Peragaan Busana ala Banyuwangi

Peragaan Busana ala Banyuwangi

Peragaan Busana ala Banyuwangi. Banyuwangi punya cara unik menggelar peragaan busana. Bukan diatas panggung, tapi memanfaatkan pedistrian alias trotoar yang merupakan fasilitas pejalan kaki sebagai catwalk. Adalah pedistrian di Ruang Terbuka Hijau (RTH) Taman Blambangan Banyuwangi yang disulap menjadi media bagi para model untuk memamerkan busana batik khas Banyuwangi dalam ajang “Fashionon The Pedestrian”, Jumat (9/9/15) sore.

Peragaan Busana ala Banyuwangi.
Pagelaran fashion on the pedestrian

Tak kurang 170 peserta yang berlatarbelakang pelajar, karyawan hingga PNS berlenggak-lenggok di atas trotoar sepanjang 350 m. Mereka mengenakan busana batik hasil desain sendiri maupun hasil kolaborasi desainer lokal.
Meskipun para peserta tersebut tidak berprofesi sebagai model, mereka telah mengikuti seleksi, mulai dari cara berjalan bak peragawati hingga desain baju yang diajukan. Dari total ada sekitar 456 peserta yang mengikuti audisi, yang lolos hanya 170-an saja.

Peragaan Busana ala Banyuwangi
Deretan model amatir yang keren Peragaan Busana ala Banyuwangi

Para model amatir ini membawakan busana yang terbagi atas tiga kategori, yaitu busana kasual yang akan dibawakan peserta anak-anak, busana pesta dibawakan peserta remaja, dan dewasa akan memperagakan busana kerja.

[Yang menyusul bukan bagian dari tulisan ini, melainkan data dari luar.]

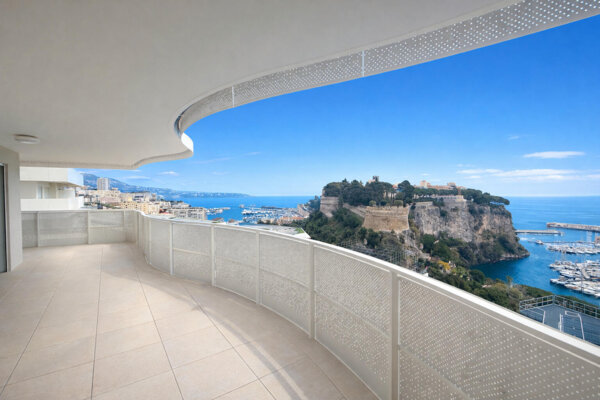 Nuovo appartamento di 3 vani - Grand Ida - Héméra - vista sul mare, sulla roccia e sui porti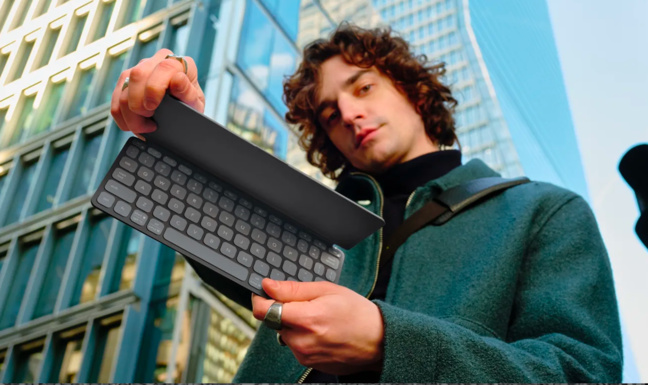 Matériel • Logitech lance la version 2 de son clavier Bluetooth Keys-To-Go Matériel • Logitech lance la version 2 de son clavier Bluetooth Keys-To-Go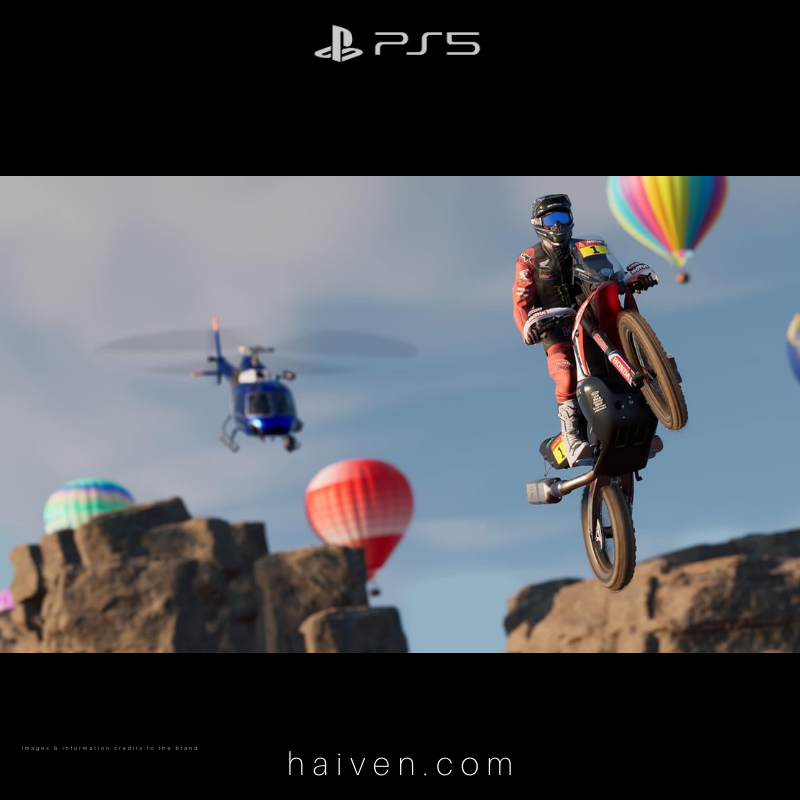 Dakar Desert Rally – PS5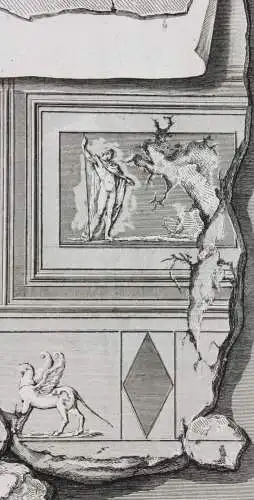 Giovanni Battista Piranesi (1720-1778) Radierung aus "Le Antichità Romane", 1835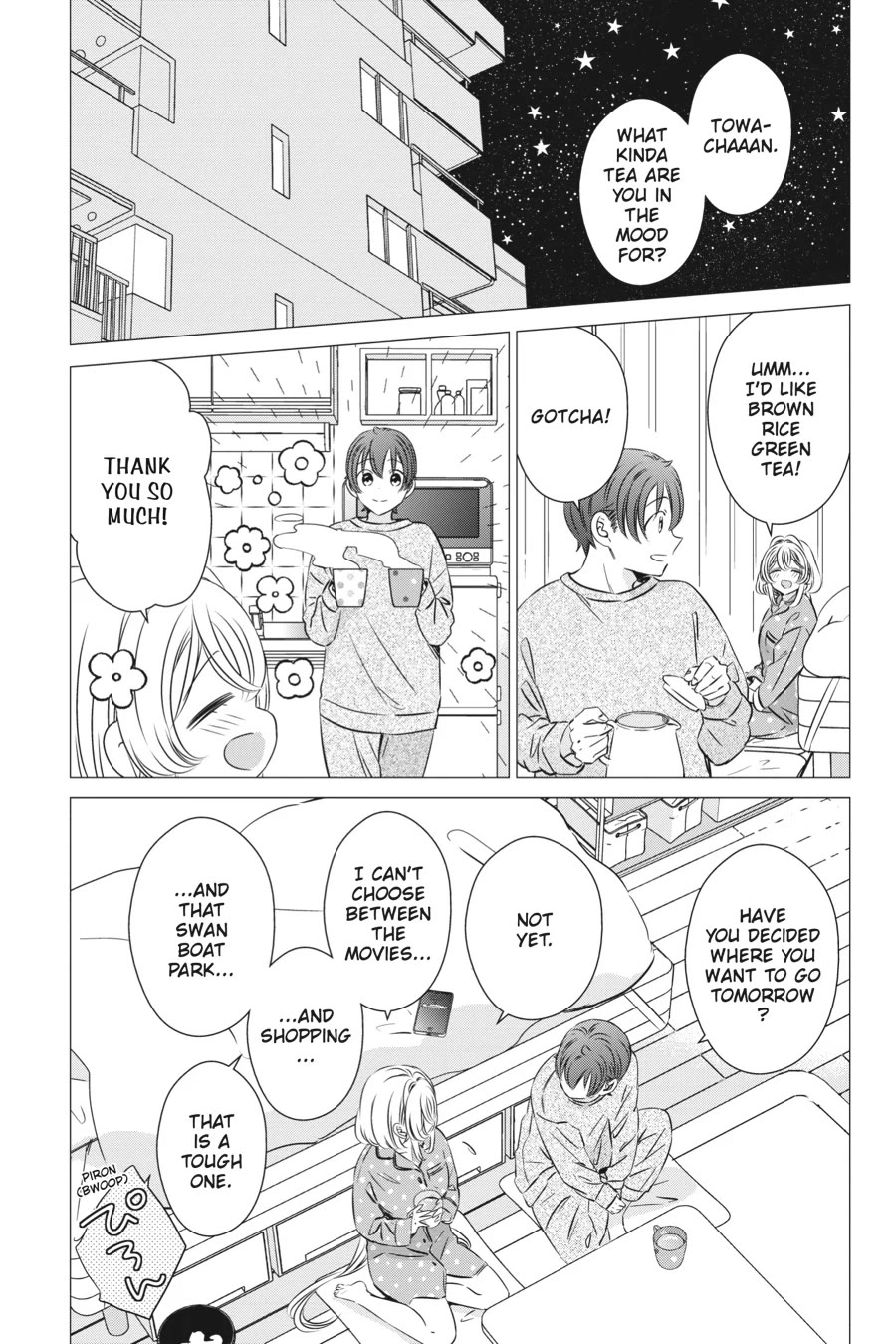 Studio Apartment, Good Lighting, Angel Included. chapter 35 page 6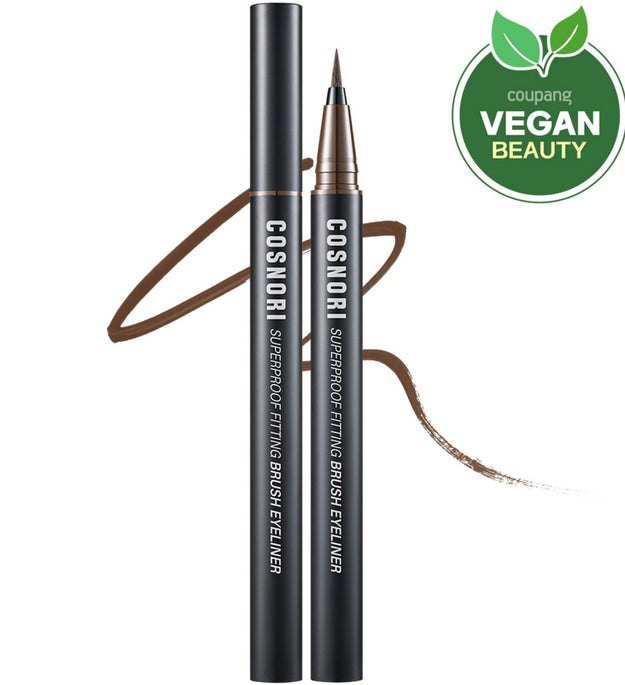 コスノリ スーパープルーフ フィッティングブラシアイライナー 0.6g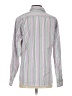 Faconnable Stripes Pink Long Sleeve Button-Down Shirt Size 4 - photo 2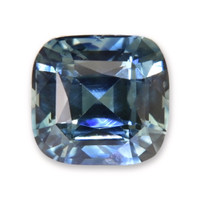 1.23 Ct. Greenish Blue Sapphire from Madagascar Video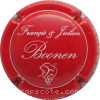 Capsule Boonen F. et J. Rouge et blanc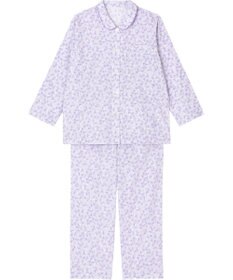 Wing ウイング パジャマ 長袖 長ズボン 綿100%(本体) 二重ガーゼ素材 レディース EP7031 ウイング／ワコール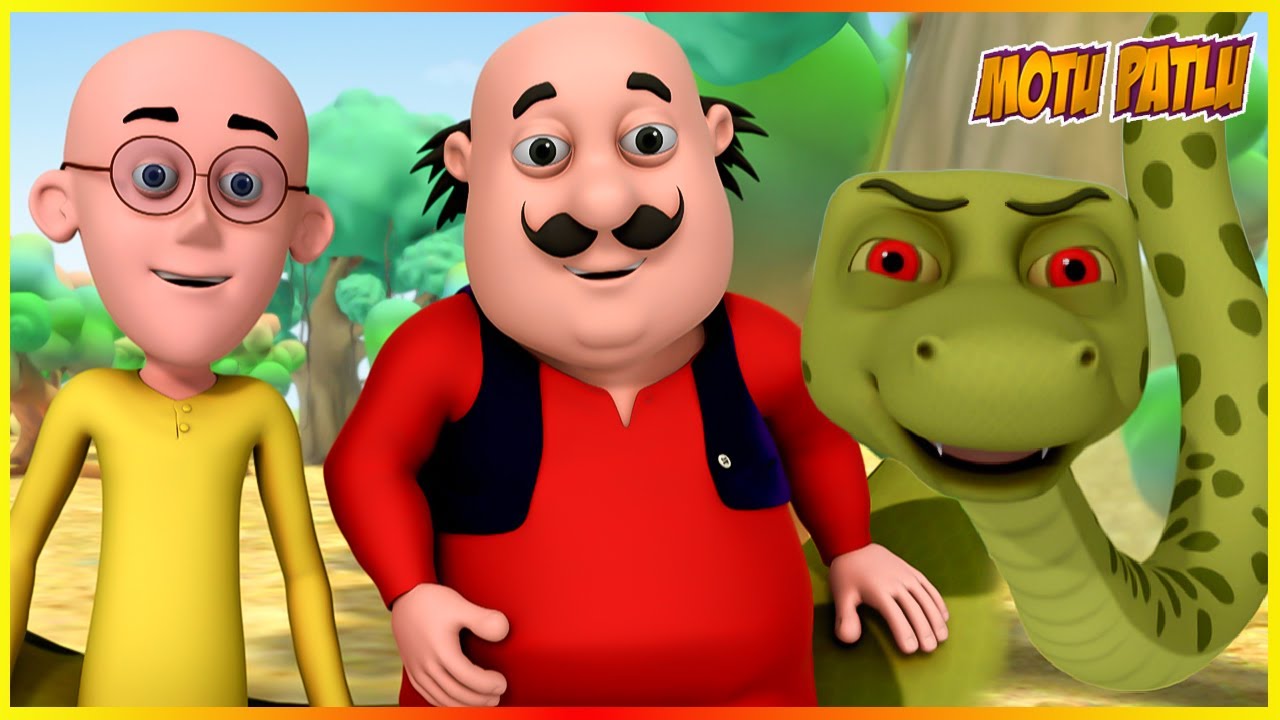 మోటు పాట్లు – జంగిల్ మీ మాంగిల్ ఎపిసోడ్ | Motu Patlu – Jungle Me Mangle Episode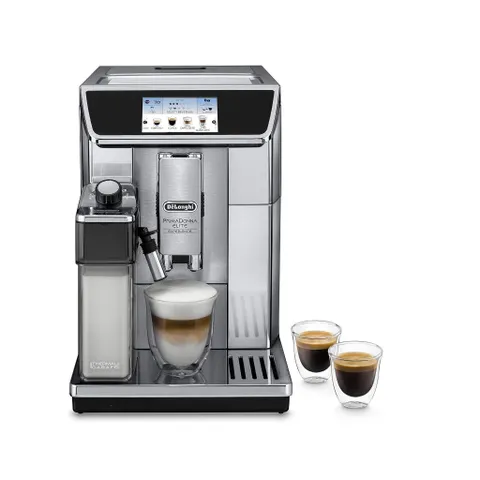 [MADE IN ITALY] MÁY PHA CÀ PHÊ TỰ ĐỘNG DELONGHI PRIMADONNA ECAM650.85.MS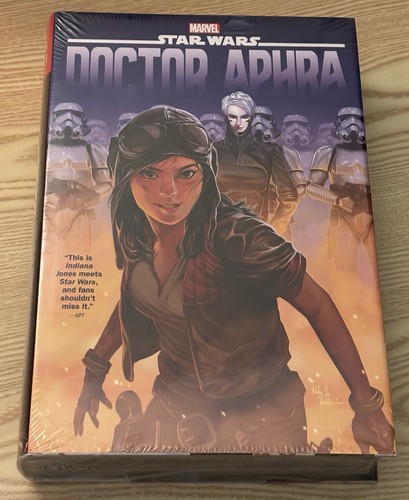 Doctor aphra omnibus - aphra, 1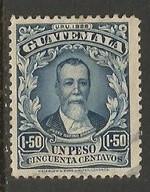 GUATEMALA 224 VFU K884-1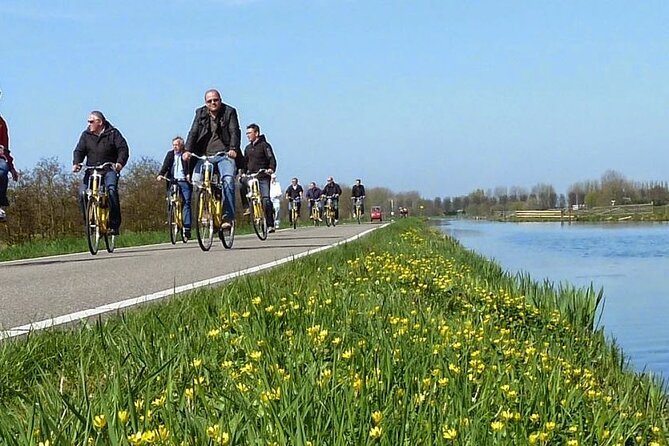 Amsterdam Countryside and Villages Bike Tour - Polders and Reclaimed Land: When the Netherlands Explains Itself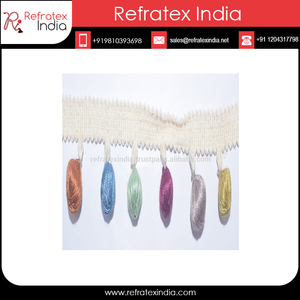 Tua Rua Cho Rèm Cửa Lạ Mắt Và Tua Rua Trang Trí Từ Ấn Độ - Product Image 6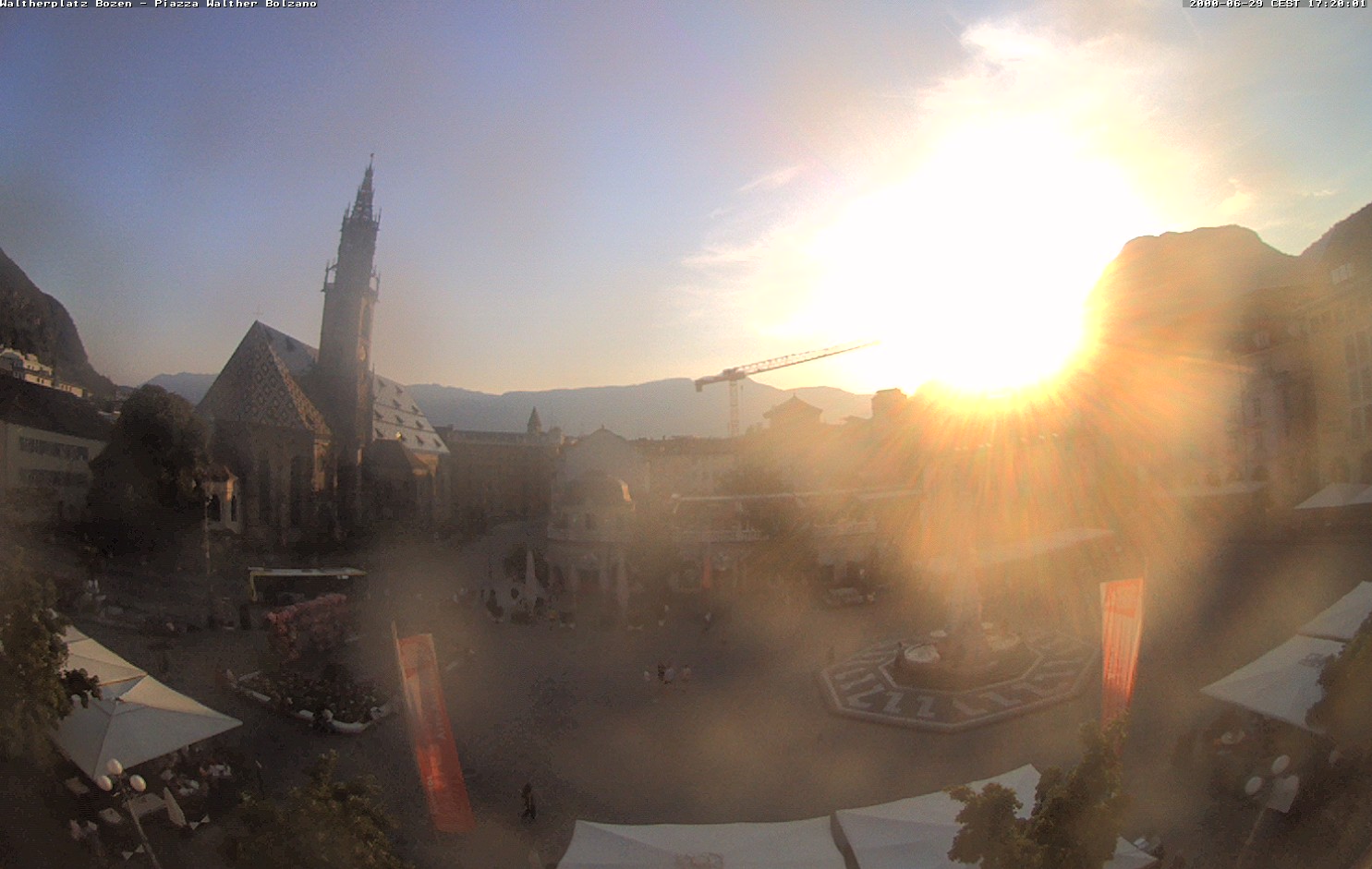 Webcam a Bolzano - Trentino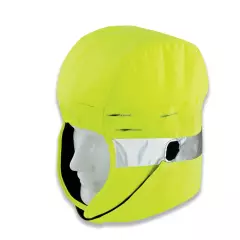 Uvex 9790065, Hi-Viz Winter Hood, Yellow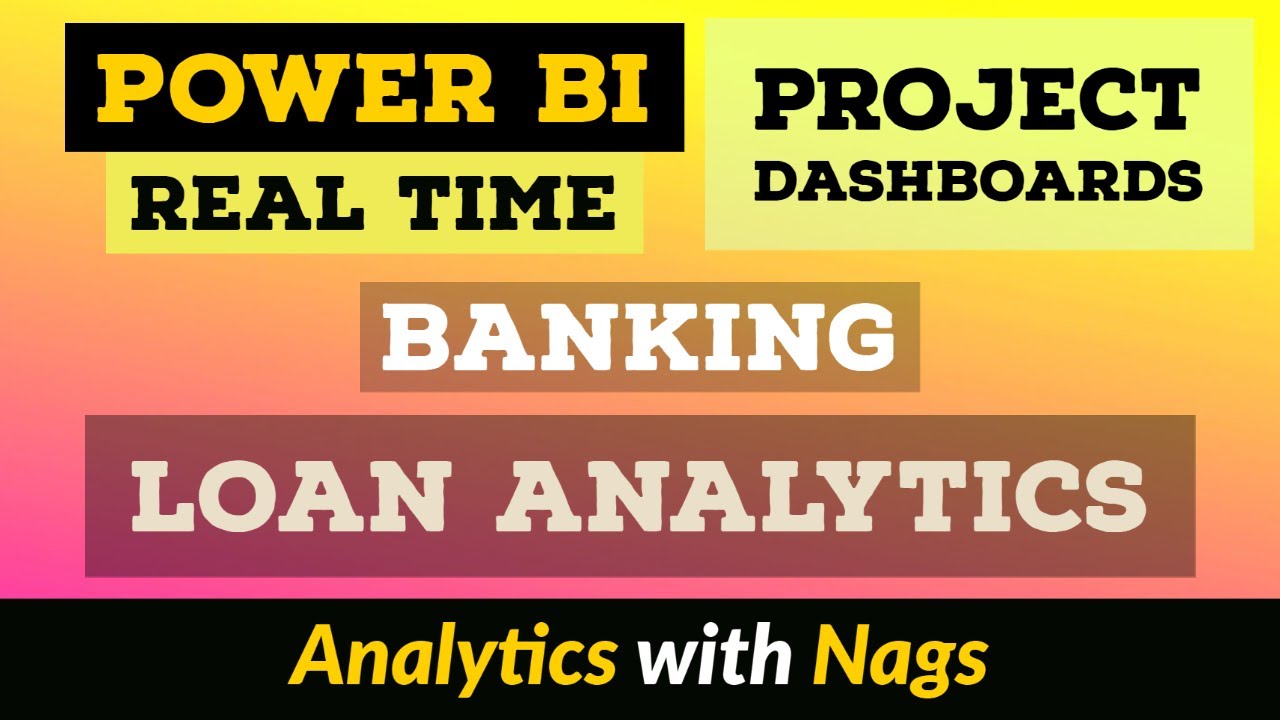 Loan disbursement Analysis in Power BI Project Dashboard (1/30)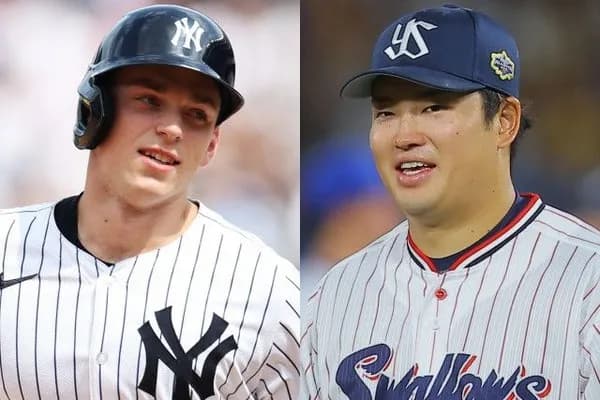 ヤンキース、村上宗隆のために内野手ライスを放出か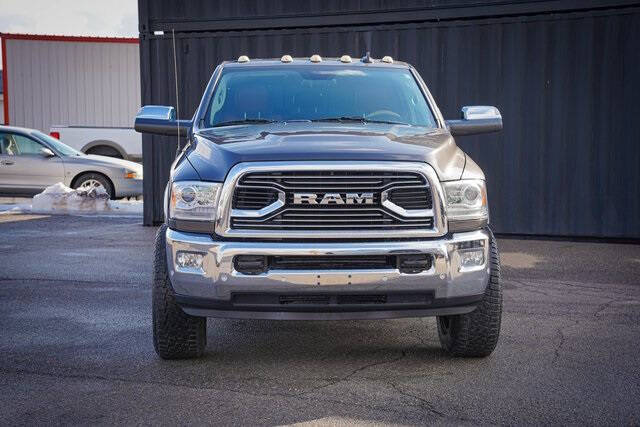 Used 2018 RAM Ram 3500 Pickup Laramie Longhorn with VIN 3C63R3NLXJG136308 for sale in Preston, ID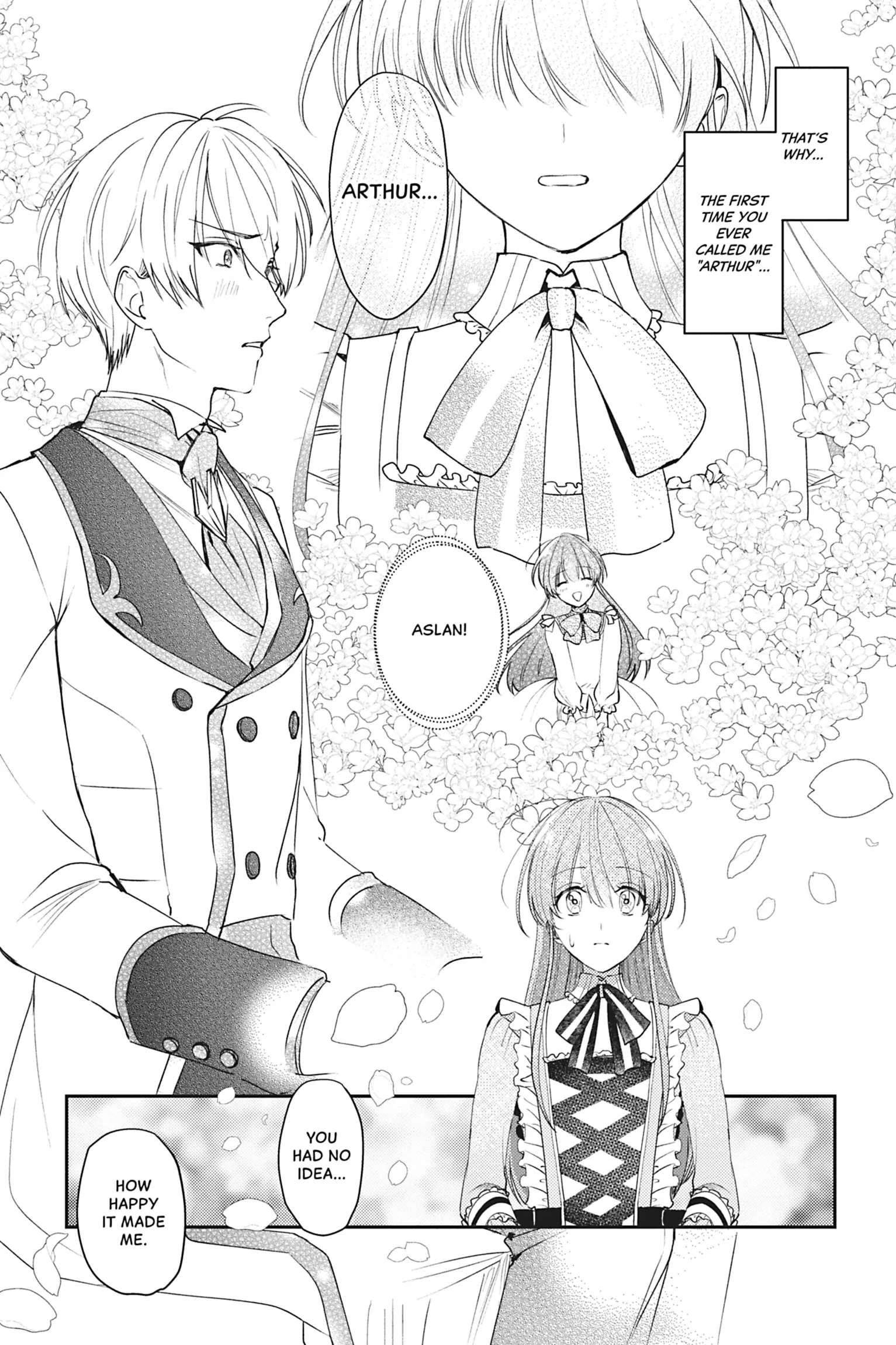 The Poor Lady's Impulsive Proposal Somehow Leads to Getting Locked Up by the Infatuated Duke Chapter 16.6 - page 3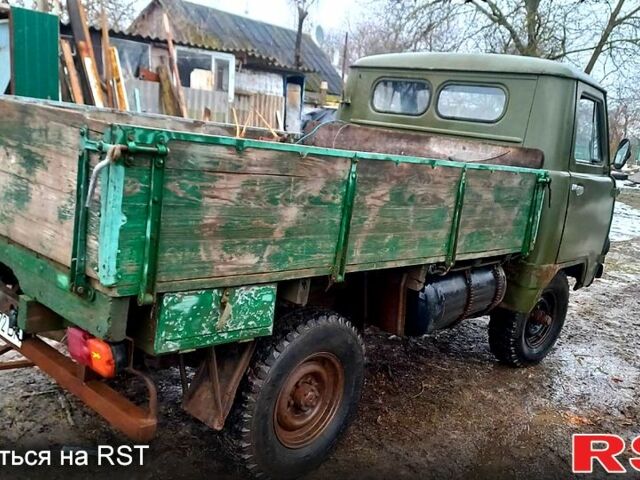 Зелений УАЗ 3303, об'ємом двигуна 2.4 л та пробігом 120 тис. км за 2300 $, фото 2 на Automoto.ua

Peragaan Busana ala Banyuwangi
Peserta yang tampil penuh percaya diri
Peragaan Busana ala Banyuwangi
Salah satu peserta dewasa Peragaan Busana ala Banyuwangi

Saat pertunjukan dimulai, para model lokal ini pun tampil bak model profesional. Dimulai dengan kategori anak, beragam busana batik kasual dengan warna-warna cerah pun mendominasi.
Berlanjut dengan kategori remaja yang membawakan busana pesta, kain batik berhasil disulap menjadi aneka busana yang berkesan elegan dan mewah. Sedangkan di busana kerja yang dibawakan oleh kategori dewasa, para model tampil dengan desain busana yang lebih formal.
LATAR BELAKANG FASHION BATIK ON THE PEDESTRIAN
Menurut Bupati Banyuwangi, Abdullah Azwar Anas, selain untuk menarik minat wisatawan, ajang fashion batik di trotoar ini untuk lebih membumikan kekayaan batik di tengah masyarakat.
“Banyuwangi sekarang punya sedikitnya 52 motif batik. Dengan ajang ini, batik bisa menjadi gaya hidup sehari-hari masyarakat,” ujarnya.
Di mata Anas membuat pagelaran berkualitas tidak harus ditempat yang mewah. Di trotoar pun asalkan didesain dengan aman, ramah dan nyaman bisa menjadi media yang istimewa untuk memamerkan potensi daerah.
“Ini sekaligus sebagai cara kami untuk memberikan ruang publik yang nyaman bagi masyarakat. Melalui even ini kami juga ingin membuat industri batik daerah terus bergairah,” jelas Anas.

Peragaan Busana ala Banyuwangi
Anindya Kusuma Putri Peragaan Busana ala Banyuwangi

Putri Indonesia 2015, Anindya Kusuma Putri, yang datang sebagai undangan khusus, terkejut melihat pergelaran busana Batik On Pedestrian di Banyuwangi. Selain sangat unik, ia mengaku baru pertama kali melihat pertunjukan fashion seperti itu .
“Ya, cukup surprise karena sarana umum bagi pejalan kaki bisa menjadi catwalk yang menarik. Ini jadi pengalaman fesyen yang baru. Banyuwangi menunjukkan kalau daerah mampu membuat event yang kreatif,” jelas Anindya di Banyuwangi, Jumat (09/10/2015).
Ia juga mengapresiasi karya busana yang para model kenakan sangat variatif dan lengkap, mulai desain formal sampai busana batik sehari-hari.
“Event ini menunjukkan kreativitas yang tinggi dari masyarakat lokal. Ini menjadi salah satu aset Banyuwangi yang menjanjikan untuk mengembangkan batik daerah. Masyarakat Banyuwangi harus bangga dengan semua ini,” ujarnya.
Ajang fashion on pedestrian merupakan rangkaian Banyuwangi Batik Festival 2015 yang diisi berbagai acara seperti lomba desain motif, lomba mencanting batik, dan lomba desain busana batik.